_WORK TASK:_ Print the data once more, exactly as given. Drop the pictures.

---- PROVIDED MATERIAL

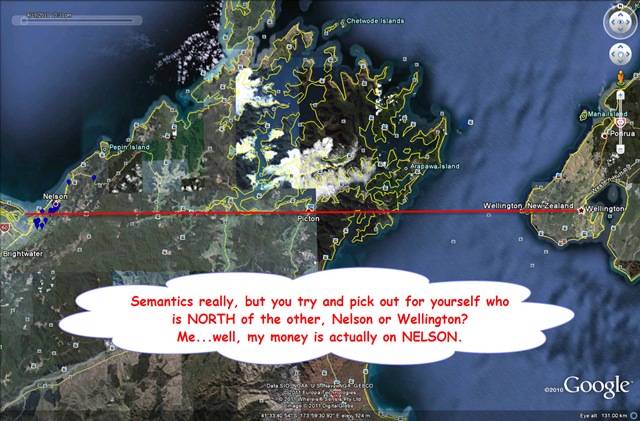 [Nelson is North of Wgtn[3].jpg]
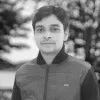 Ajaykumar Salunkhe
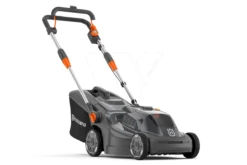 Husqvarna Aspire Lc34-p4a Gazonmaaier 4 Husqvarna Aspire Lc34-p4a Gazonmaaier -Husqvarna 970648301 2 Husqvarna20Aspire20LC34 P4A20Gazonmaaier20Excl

--------

_TASK RESPONSE:_
 [Nelson is North of Wgtn[3].jpg]
 Ajaykumar Salunkhe
 Husqvarna Aspire Lc34-p4a Gazonmaaier 4 Husqvarna Aspire Lc34-p4a Gazonmaaier -Husqvarna 970648301 2 Husqvarna20Aspire20LC34 P4A20Gazonmaaier20Excl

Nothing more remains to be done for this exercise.